Most yeasts will take the cider all the way down to about 0.992-0.994. That's not an exaggeration. That is very dry. But often it takes a couple of weeks to get from 0.999 to 0.992 or whatever. It's those last few points that take forever. There's enough yeast for natural carbonation at that point; HOWEVER.......
If you want a sweeter cider than that, you either need to kill the yeast with sorbate and sulfite, then backsweeten, or you need to stall the fermentation with gelatin, racking, low temperature (that's what I do), or you can try bottling then heating the bottles to pasteurize although this seems dangerous to me and will probably make the cider taste cooked.
In any of these cases, natural carbonation is very difficult. I mean, if you want to carbonate a dry cider at 0.992, no problem, you can prime and bottle just like a beer, and it will ferment out back to dryness around 0.992. Just realize that in this case, it takes a good month or two to carbonate -- it's just a bit slower than it would be for beer, but it will work. But if you are killing your yeast, then obviously they won't do a very good job of natural carbonation anymore.
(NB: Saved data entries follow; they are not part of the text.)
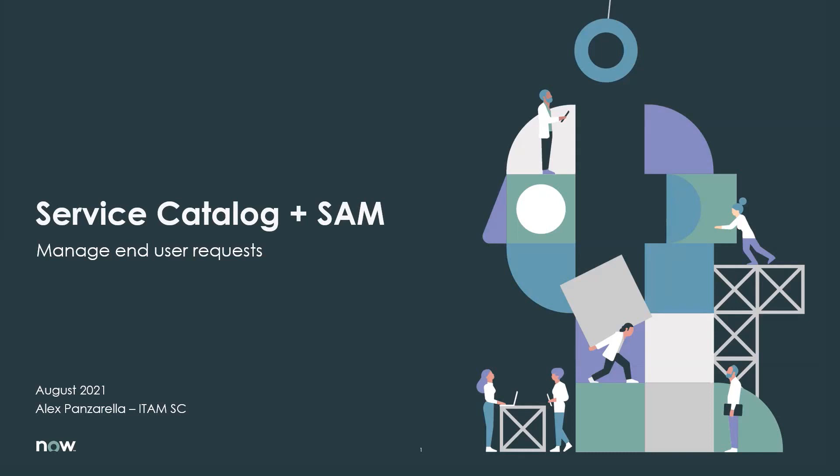I'll be demoing ServiceNow Service Catalog plus Software Asset Management capabilities, mainly around the end user requesting software and managing that request in Software Asset Management.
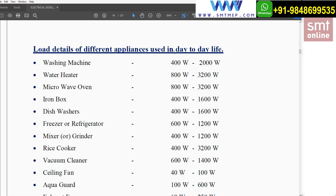I will go through the load details of different appliances which we use in day-to-day life, particularly for the home. Being an electrical engineer, we have to find out the total connected load of a building. So how can we find out the total connected load of the building by taking into account all the different equipment?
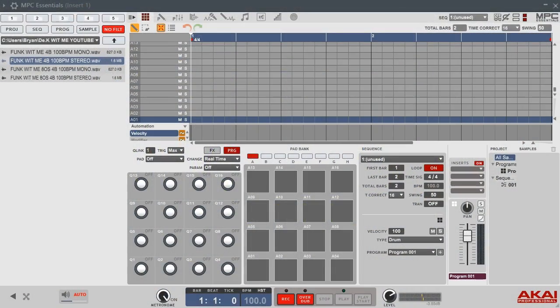What up y'all? I'm gonna show y'all how to chop up a sample and make a program out of it. I got a sample down here y'all can download it. Follow along with me. Alright, let's get into this.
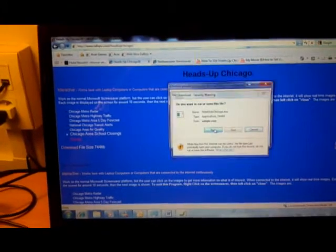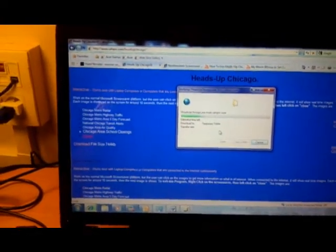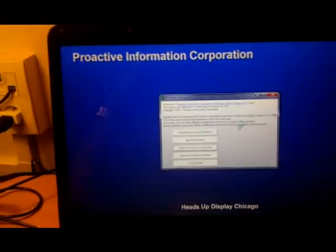To download the Heads Up Chicago software, click on download, then select run. The file downloads very quickly. Your software protection will ask if you want to download this — select yes.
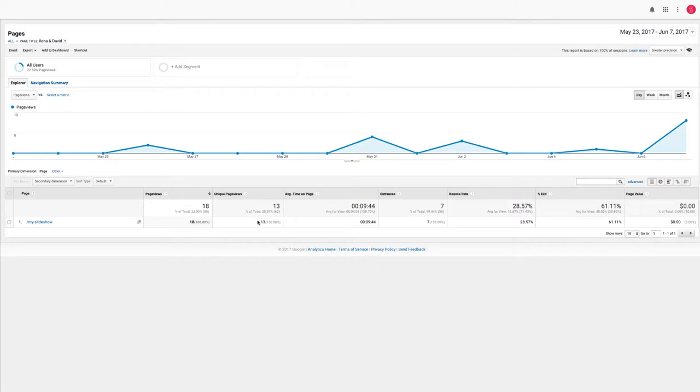I hope this quick walkthrough of how Google Analytics works with Smart Slides has been helpful. If you have any questions about this video, please reach out to us via our live chat feature within Smart Slides, or email us at support@smartslides.com.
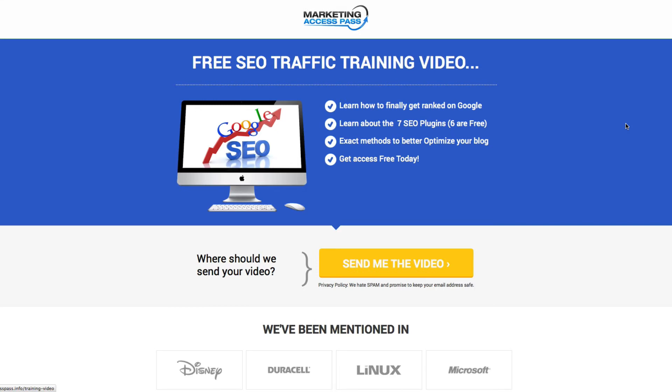Alright, so I hope you guys enjoyed my video on Leadpages and how you can use Leadpages to create landing pages. I'll see you guys in the next video.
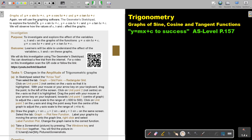We will use the graphing software, the Geometer's Sketchpad, to explore the functions of these three graphs. We will observe how the values of A, B, and C affect the graphs. It will be very good if you scan this QR code on your cell phone or computer and look at this investigation — it will help you explore the values of A, B, and C and the effect they have on the different graphs.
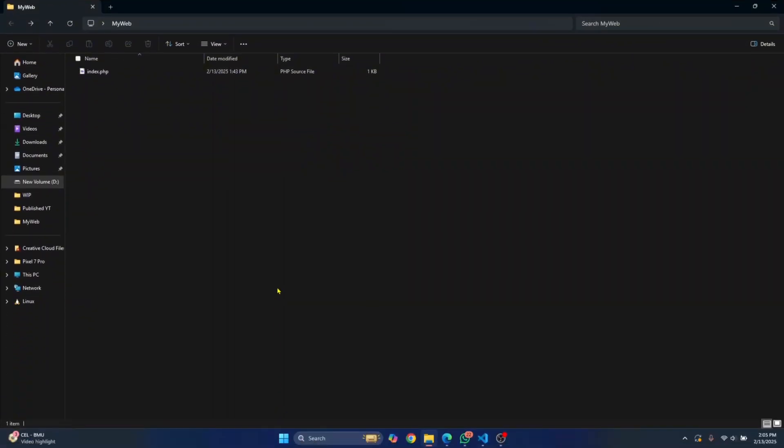Welcome to this video guys. Let's see how we can run a PHP file in a web browser. I have this PHP file here.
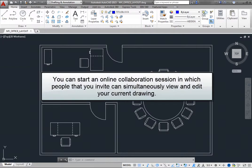You can start an online collaboration session with AutoCAD 360 in which people that you invite can simultaneously view and edit your current drawing.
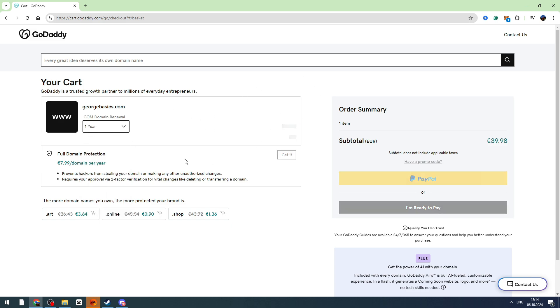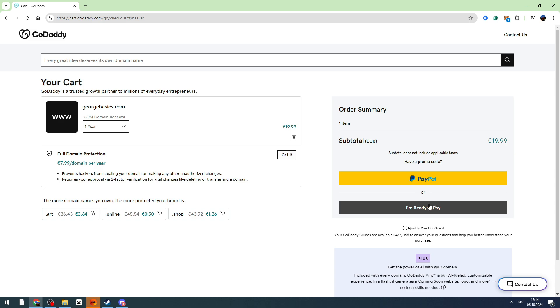So if everything is correct on the left side, if you see only the SSL certificate, then you can click I'm ready to pay and finalize the payment guys. That's how you can renew your SSL certificate.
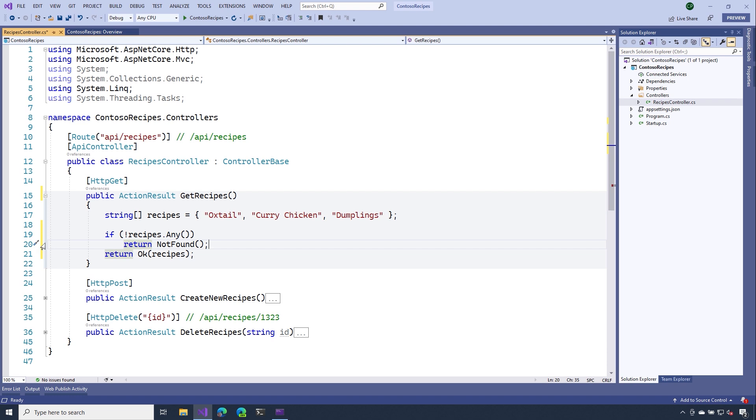Action results are really good for returning customized responses to our API clients, but they're also really helpful when it comes to generating the metadata that gets used in our Swagger UI.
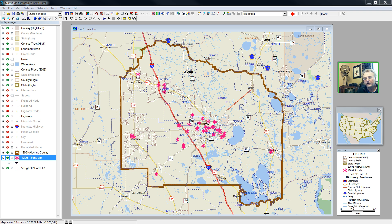Hello, this is Professor Grant Thrall. In this video, I'm going to demonstrate the relationship between geographic information systems and a statistics program such as R.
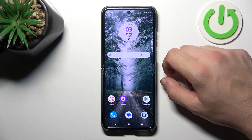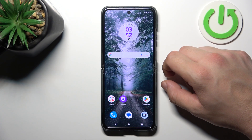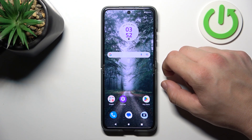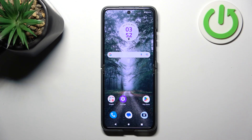Hello, in front of me I've got Motorola RAZR 40. In this video I'll show you how to remove and restore the Messages icon from the screen.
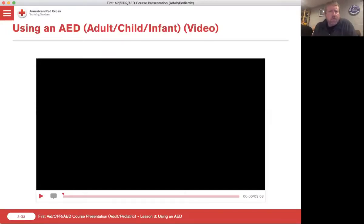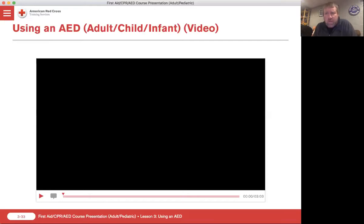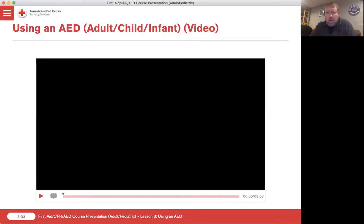All right. So let's talk about how we are going to use an AED. We're going to use this right-across video because I think it shows it pretty well. I want you to cross over into thinking not just about the AED, but also about how CPR is intermingled with AED use. Let's take a look.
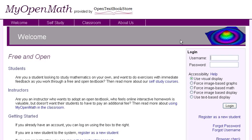MyOpenMath is designed for math. It's free and open, building on the best open textbooks. Come join us, and let's open up a new world of learning.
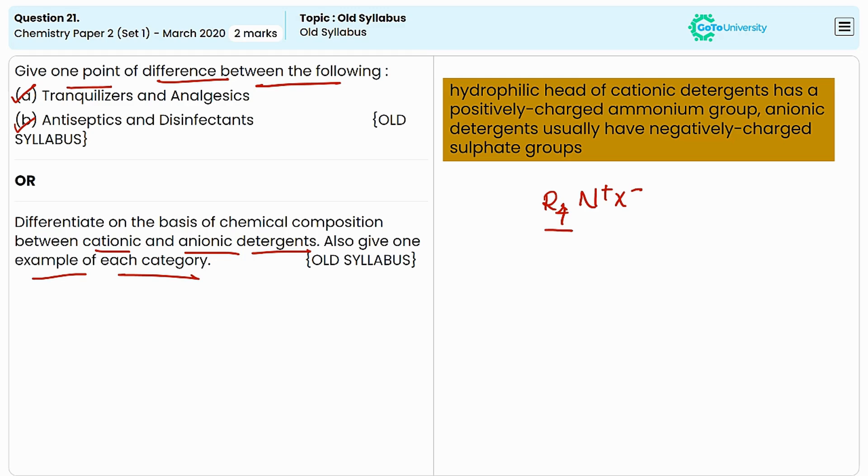Anionic detergents contain negatively charged surfactant molecules, and the common examples include the sulfates like sodium lauryl sulfate.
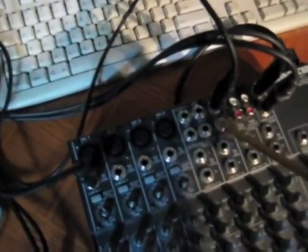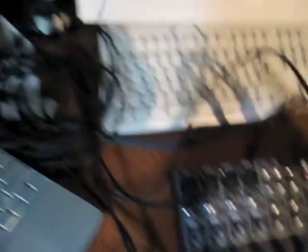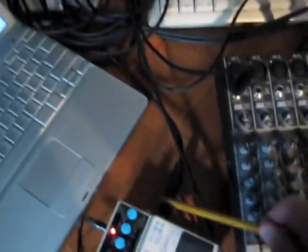Out here, auxiliary send number one goes to the input here of the digital delay. Output of the digital delay here goes into channel line input one. Things we can mess with here to change the sound.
With my method of gelatin, racking, and chilling to stall the yeast before they're finished, basically waiting several months for them to get really really tired before bottling, I find that I can get carbonation after priming and bottling, but it takes a good 5 or 6 months at least for that to happen. In the meantime, I drink most of the cider while young, without carbonation, and it's only the last handful of bottles that eventually get sparkling, and then I drink those and it's gone. Works for me. But this requires maximum laziness I mean patience. And I am a very very lazy I mean patient guy.
You could of course bottle with forced carbonation if you have the equipment for that. That's the easiest, if you have the equipment (I don't).
So all in all, trying to get a sweet cider that is also carbonated is really a crapshoot, unless you force carb.